First, Rivera and Centeno should use $3,000 to pay off their credit-card debt and $8,000 to fully fund Roth IRAs this year.

Next they should make a $12,000 contribution to Indira's 529 college savings plan, investing it in a highgrowth portfolio largely made up of stocks.

The pair should put the rest of the inheritance (about $90,000) in a high-interest savings account such as ING Direct's and gradually invest it over the next two years, says Prince.

Buying stocks bit by bit will insulate their portfolio from the market's ups and downs, as well as give them a cash cushion for emergencies while Centeno is in school.

They won't be retiring for several decades, so Prince suggests they maximize growth by keeping 80 percent of their portfolio in stocks. Since Centeno is nervous about stock market risk, Prince thinks they should keep a portion of their equity holding in value-oriented actively managed Money 70 funds such as Selected American (SLASX (Charts) and T. Rowe Price Blue Chip Growth (TRBCX (Charts), which have the potential to beat the overall stock market but typically don't lose as much in a downturn.

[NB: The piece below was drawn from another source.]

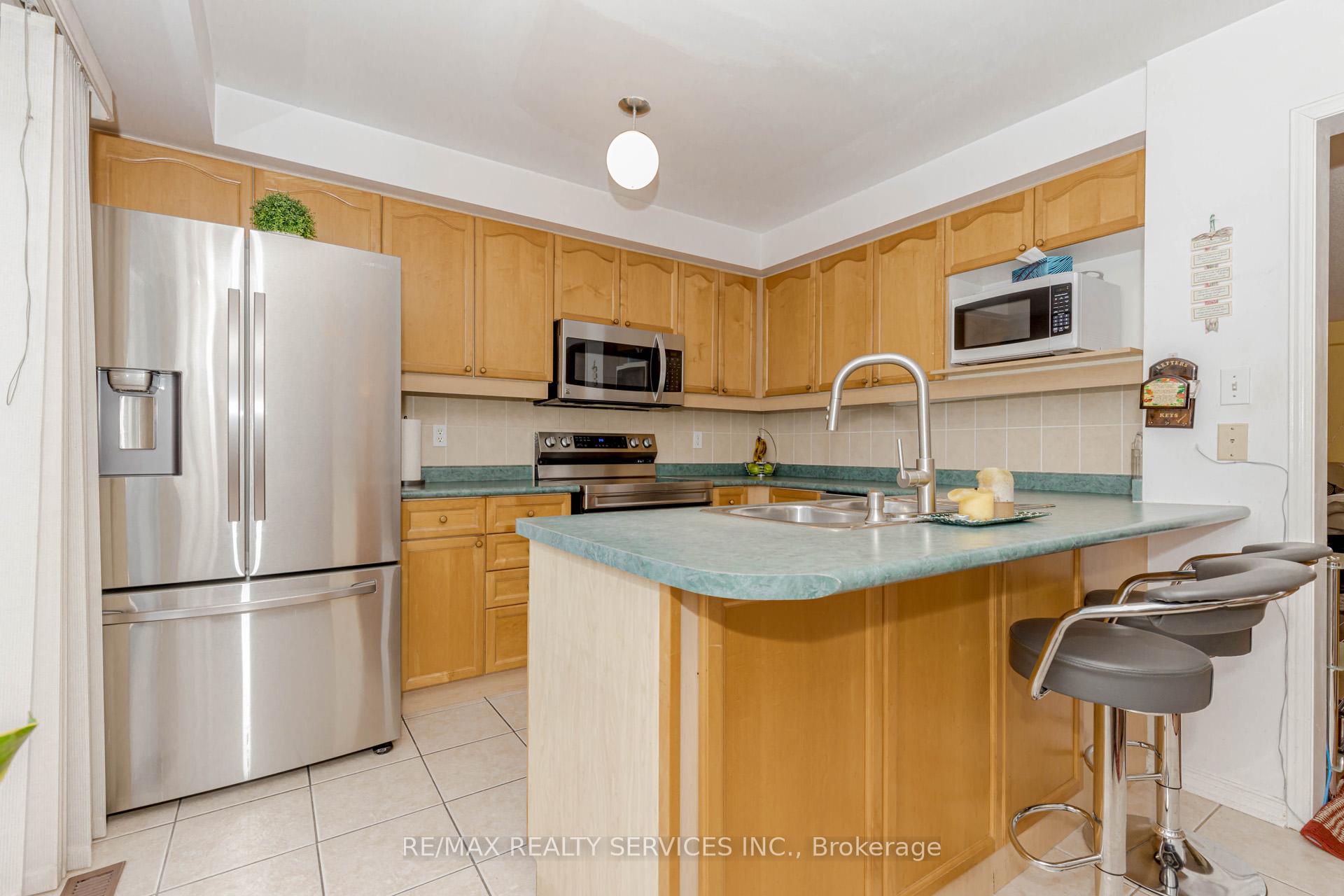 Photo 13 of 66 Viceroy Crescent, Brampton, Northwest Sandalwood Parkway — HOMEH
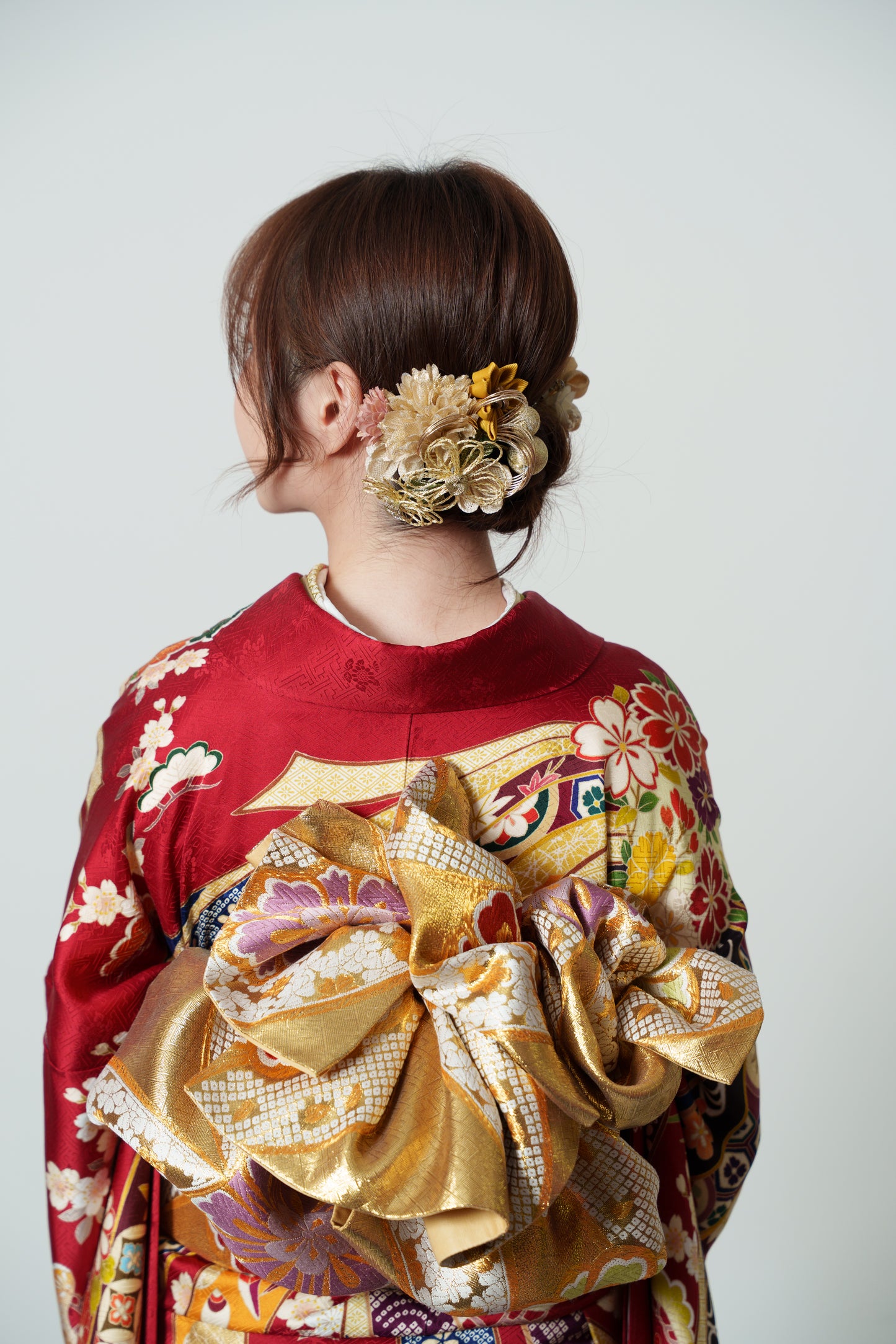 赤地　菊・松・桜　熨斗　正絹振袖【912】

Rivera's current 80-20 stock-bond mix in his 403(b) is fine, says Prince. But Centeno should transfer the $8,000 in her former employer's 403(b) plan to an IRA to give her more investment options.

They should continue to fund IRAs each year, and once Centeno is working full time again, they both should max out contributions to their retirement plans. If they follow this plan, Prince estimates, they'll have no trouble meeting their goal of retiring in their early sixties.

Centeno and Rivera are still enamored of real estate, but agree that the market is the right place for the inheritance. "It will be nice to have that money when we retire," says Centeno.